Estimates suggest that over 2 billion of the world’s people, who depend on the land for most of their needs, live in areas affected by desertification. This degradation of the land is closely linked with poverty, famine, armed conflicts and recurrent drought.
To promote awareness of the need to combat desertification and its devastating consequences like drought, the General Assembly, in 1994, proclaimed 17th June as World Day to Combat Desertification and Drought. This date marks the anniversary of the adoption of the UN’s Convention to Combat Desertification (UNCCD). The convention came into force on 26th December 1996.
Various activities are being under taken today as part of the campaign to tackle global environmental deterioration at the local and national levels in most of the 167 countries that are Parties to UNCCD, involving governmental and non-governmental organizations, the media, and other interested stakeholders.
The UN Convention on CCD provides a framework for collaborative action against environmental degradation and acute poverty in the marginalized dry lands. A legally binding instrument, the Convention calls for the formulation of National Action Plans and the setting up of national desertification funds.
Pakistan signed the convention on October 10, 1994 and ratified it on February 24, 1997. It is in the process of finalizing its national action plan (NAP) to fight desertification that affects approximately 45 million hectares of its land resources. First report of the plan was submitted in the year 2000 which, briefly highlights the activities and the actions, to be undertaken to address issues and concerns of desertification /land degradation in general and the specific measures to be adopted under the convention. Since then the government could not focus on efforts to prevent the continuous land degradation in the country.
Now Pakistan is threatened with desertification and degradation of land. About 68 million hactares of land area lies in fragile regions. The country has highly complex and diversified agro-ecological and socio-economic set-up. One fourth of the country’s land area, which is suitable for intensive agriculture, is seriously subjected to threats of wind and water erosion and twin menace of water logging and salinity.
Overgrazing has brought down the productivity of rangelands to as little as 15-40 per cent of their potential. The arid coastal strips and mangrove areas are under increased environmental stress from reduced fresh water flows, sewage and industrial pollution and over exploitation of other natural resources. Substantial decline in floodwater in Sindh has led to rapid sea intrusion in the delta region, raising salinity levels in underground water and spurring cattle migration to irrigated areas. In NWFP and Balochistan, the permanent damage includes dwindling vegetation cover, almost to the point of disappearing altogether in the latter province. Excessive depletion of underground water resources has occurred and will not be compensated without strong efforts for conservation, as well as immediate change in water use practices.

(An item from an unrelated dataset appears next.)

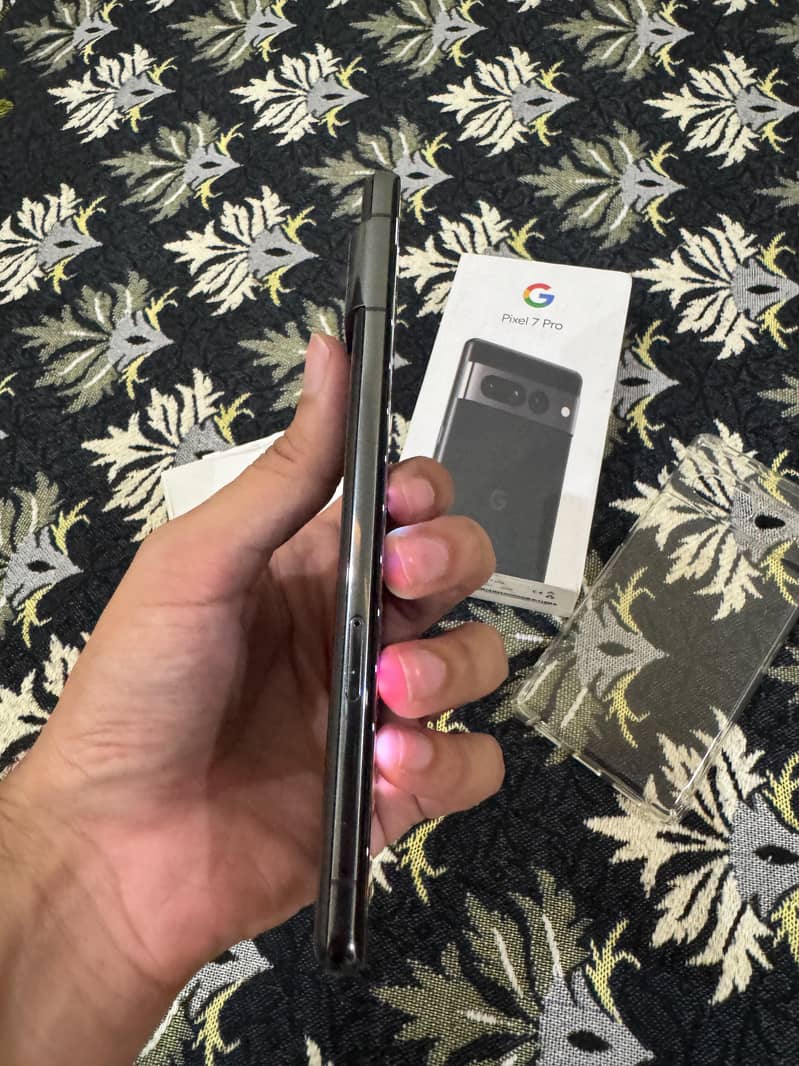 Google Pixel 7 Pro 10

From its independence in 1947 to the recent past, Pakistan has been blessed with an efficient irrigation system and plenty of water from the rivers that flow through it. Up till quite recently, the supply of the water was enough to meet the demand of all the end users but the rapid growth in population started putting unprecedented pressure on the irrigation system. The negligence and colossal mismanagement of water resources of the country resulted in desertification of otherwise fertile agricultural lands.
Already, the two droughts in 1999-2000 and 2000-2001 have stretched the coping abilities of the existing systems to the limit and it has barely been able to check the situation from becoming a catastrophe. The drought of last year wreaked havoc in more than half of the districts of the country, especially impacting rain-fed and range-land areas.
As agreed by the countries, which are parties to the Convention considerable efforts and significant achievements have been made by certain countries for controlling desertification. Unfortunately, in Pakistan land degradation has been worsening for absence of effective policy and reluctance in the implementation of certain laws, along with lack of interest on the part of concerned authorities. In this scenario the National Action Programme to Combat Desertification will have to be revised with the consultation and participation of all stakeholders. Although irrigated areas had been the focus of the government policies and programmes, non-irrigated areas in arid region have also figured high in the government plans and priorities for sustainable development and management.
Activities like soil and water conservation, dry land afforestation and rehabilitation of degraded rangelands and saline areas have been part of the programmes of line agencies since independence. However the activities, unfortunately, were limited to official documents only and it lacked community participation perspectives and imperatives, which is the cause of failure of all such activities.
Moreover the initial momentum unleashed during process of formulation of National Action Plan for combating desertification and drought has not been carried through to the implementation stage as yet.
There will be neither sustainable development, nor environmental protection, nor improvement in the climate for future generation, nor preservation of the bio-diversity if we do not protect the earth from desertification and its political, economic and social consequences. In this undertaking government, NGOs, business community and private citizens of the respective regions of the world will have to be partners if they are to combat desertification and drought. Concrete efforts to reduce poverty and promote sustainable development, as well as to increase awareness worldwide of the problems of the desertification and of the solutions, can only help us make the difference for the people living in the dry lands.